Le problème est que ces décrets sont écrits par des gens qui ne savent pas ce que c’est d’enseigner et qui font de la démagogie. Je pense que les politiques ont espéré récolter l’ensemble des voix des étudiants. Or ça n’a pas été le cas.
AÉ: La situation de certains étudiants n’était donc pas problématique?
FS: Ces situations auraient pu être solutionnées sans toucher au décret. On aurait pu «valider» les étudiants avec ce qui était à notre disposition, ils pouvaient introduire une demande de dérogation pour pouvoir se réinscrire. Chaque année, une très grande proportion d’étudiants qui font cette demande sont acceptés. Mais, dans ce cas, on peut alors vérifier qu’ils sont dans une trajectoire de réussite ou qu’il y a des éléments externes qui les ont empêchés d’être dans cette trajectoire. Ce qu’on voit sur le terrain, et c’est ce que les politiques n’ont pas voulu entendre, c’est que des étudiants s’acharnent alors que l’on sait qu’ils n’y arriveront pas. C’est dur à entendre, mais si on veut qu’ils puissent se réorienter vers quelque chose où ils s’épanouiront mieux, c’est un message qu’il faut pouvoir faire passer.
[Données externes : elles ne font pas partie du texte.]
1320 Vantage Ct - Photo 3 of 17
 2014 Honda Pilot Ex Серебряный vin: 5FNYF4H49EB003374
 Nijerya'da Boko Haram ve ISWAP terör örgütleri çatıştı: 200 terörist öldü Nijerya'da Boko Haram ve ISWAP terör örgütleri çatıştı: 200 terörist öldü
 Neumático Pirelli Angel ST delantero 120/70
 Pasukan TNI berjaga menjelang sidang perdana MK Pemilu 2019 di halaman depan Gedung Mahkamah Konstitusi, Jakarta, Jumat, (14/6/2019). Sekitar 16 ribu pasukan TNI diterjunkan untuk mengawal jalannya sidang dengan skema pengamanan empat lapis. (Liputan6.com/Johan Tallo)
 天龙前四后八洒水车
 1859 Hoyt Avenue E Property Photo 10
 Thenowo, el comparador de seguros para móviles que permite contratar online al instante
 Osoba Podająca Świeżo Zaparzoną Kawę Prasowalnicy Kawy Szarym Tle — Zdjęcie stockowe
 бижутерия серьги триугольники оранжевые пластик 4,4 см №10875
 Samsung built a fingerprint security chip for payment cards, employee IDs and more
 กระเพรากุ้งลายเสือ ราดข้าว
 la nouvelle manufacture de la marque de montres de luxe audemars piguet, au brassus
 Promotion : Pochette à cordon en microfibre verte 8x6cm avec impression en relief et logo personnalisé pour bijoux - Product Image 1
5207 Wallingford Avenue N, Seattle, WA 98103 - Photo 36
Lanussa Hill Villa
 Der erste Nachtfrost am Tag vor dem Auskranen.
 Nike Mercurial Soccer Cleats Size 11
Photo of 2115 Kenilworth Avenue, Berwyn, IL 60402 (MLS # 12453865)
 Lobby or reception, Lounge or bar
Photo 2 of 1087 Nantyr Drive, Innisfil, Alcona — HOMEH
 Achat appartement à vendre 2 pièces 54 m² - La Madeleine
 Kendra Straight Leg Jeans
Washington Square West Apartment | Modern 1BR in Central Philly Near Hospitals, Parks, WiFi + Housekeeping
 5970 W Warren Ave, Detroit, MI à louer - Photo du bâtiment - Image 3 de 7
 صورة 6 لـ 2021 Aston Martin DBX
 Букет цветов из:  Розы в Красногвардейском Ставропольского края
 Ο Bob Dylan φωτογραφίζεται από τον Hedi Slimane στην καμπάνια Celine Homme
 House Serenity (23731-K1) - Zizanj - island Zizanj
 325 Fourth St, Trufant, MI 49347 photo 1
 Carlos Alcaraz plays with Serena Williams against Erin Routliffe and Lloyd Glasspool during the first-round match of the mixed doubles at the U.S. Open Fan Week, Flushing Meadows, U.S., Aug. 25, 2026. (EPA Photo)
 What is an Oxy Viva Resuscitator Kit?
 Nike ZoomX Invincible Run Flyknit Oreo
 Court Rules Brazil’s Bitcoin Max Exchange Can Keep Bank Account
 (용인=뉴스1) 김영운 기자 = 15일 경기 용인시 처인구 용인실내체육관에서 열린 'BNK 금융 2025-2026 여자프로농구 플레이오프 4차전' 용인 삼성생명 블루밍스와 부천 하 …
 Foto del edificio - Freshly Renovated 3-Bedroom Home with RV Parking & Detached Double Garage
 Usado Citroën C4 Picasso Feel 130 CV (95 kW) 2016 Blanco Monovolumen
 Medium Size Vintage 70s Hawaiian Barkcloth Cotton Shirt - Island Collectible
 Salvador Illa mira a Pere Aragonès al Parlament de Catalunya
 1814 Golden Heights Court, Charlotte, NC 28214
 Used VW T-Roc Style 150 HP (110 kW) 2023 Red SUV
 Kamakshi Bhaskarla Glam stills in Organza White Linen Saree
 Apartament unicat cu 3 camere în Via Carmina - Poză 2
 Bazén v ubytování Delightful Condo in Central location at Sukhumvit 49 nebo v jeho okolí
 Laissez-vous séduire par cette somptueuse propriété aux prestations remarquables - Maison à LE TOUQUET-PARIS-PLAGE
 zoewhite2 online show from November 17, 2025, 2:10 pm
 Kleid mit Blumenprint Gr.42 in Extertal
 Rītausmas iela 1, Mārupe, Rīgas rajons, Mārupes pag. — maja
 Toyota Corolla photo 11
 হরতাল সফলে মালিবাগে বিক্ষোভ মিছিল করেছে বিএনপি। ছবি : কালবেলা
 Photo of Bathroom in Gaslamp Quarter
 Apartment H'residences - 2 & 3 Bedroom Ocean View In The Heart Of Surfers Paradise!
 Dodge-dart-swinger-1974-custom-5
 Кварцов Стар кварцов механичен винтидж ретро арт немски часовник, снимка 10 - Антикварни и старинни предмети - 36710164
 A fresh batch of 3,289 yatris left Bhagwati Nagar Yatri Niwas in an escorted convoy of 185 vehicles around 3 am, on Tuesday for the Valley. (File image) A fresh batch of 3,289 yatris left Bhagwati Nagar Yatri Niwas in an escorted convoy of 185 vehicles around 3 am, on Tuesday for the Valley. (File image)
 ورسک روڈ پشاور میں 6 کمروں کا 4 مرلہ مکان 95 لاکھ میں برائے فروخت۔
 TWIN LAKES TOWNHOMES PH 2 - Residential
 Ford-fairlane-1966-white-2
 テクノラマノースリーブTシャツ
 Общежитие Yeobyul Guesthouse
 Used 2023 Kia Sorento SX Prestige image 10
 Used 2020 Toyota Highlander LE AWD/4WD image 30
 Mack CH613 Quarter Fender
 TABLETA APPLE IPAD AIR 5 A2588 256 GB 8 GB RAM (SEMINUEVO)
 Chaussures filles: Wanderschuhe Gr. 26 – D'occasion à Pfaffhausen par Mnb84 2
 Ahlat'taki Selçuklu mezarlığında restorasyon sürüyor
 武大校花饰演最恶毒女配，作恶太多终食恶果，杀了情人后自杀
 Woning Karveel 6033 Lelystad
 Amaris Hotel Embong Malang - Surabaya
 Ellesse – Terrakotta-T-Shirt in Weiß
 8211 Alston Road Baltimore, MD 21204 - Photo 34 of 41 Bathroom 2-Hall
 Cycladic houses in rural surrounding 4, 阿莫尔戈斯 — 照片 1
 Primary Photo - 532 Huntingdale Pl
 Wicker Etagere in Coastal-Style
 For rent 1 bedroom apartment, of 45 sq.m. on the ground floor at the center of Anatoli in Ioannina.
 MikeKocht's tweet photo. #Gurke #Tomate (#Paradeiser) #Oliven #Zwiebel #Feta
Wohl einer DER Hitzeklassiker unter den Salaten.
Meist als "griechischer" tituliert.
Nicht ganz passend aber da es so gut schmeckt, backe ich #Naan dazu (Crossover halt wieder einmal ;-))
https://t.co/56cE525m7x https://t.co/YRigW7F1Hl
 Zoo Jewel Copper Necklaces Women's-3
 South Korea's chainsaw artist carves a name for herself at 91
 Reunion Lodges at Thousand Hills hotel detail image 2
Ce qu’on voit sur le terrain, et c’est ce que les politiques n’ont pas voulu entendre, c’est que des étudiants s’acharnent alors que l’on sait qu’ils n’y arriveront pas. C’est dur à entendre, mais si on veut qu’ils puissent se réorienter vers quelque chose où ils s’épanouiront mieux, c’est un message qu’il faut pouvoir faire passer.
AÉ: La précarité étudiante est un sujet qui a souvent été mis sur la table par la FEF (Fédération des étudiants francophones, NDLR), notamment lors de la réforme du décret Paysage de 2024.
FS: Il y a une paupérisation de la population, sur certains de nos campus plus que d’autres (Mons, Bruxelles, NDLR). Nous essayons, à travers toutes les aides mises en place, de couvrir complètement le coût des études. Cela inclut le minerval, le fait de proposer un logement gratuit ou à frais réduits, les outils électroniques nécessaires, la prise en charge des supports de cours obligatoires, éventuellement certaines dépenses sur le campus, en ce inclus un suivi psychologique, social ou autre. Mais cela n’inclut pas le logement en dehors de l’université, le fait de pouvoir s’habiller… Il faut rester raisonnable, l’université a des ressources limitées, on pourrait aussi dire qu’elle est en situation de précarité par rapport aux missions qu’elle doit remplir. Ce qu’on regrette parfois, c’est qu’il y a une difficulté à être dans un dialogue (avec la FEF, NDLR) où on cherche des solutions qui sont à la fois réalistes par rapport aux moyens disponibles et qui n’entrent pas dans le discours démagogique qui est dire que l’on ne fait rien pour ces étudiants et que tel ou tel pourcentage d’entre eux doivent travailler durant leurs études.
AÉ: Ce qui est le cas.
FS: Oui, un certain nombre travaillent pour payer leurs études, mais d’autres le font pour payer leurs vacances.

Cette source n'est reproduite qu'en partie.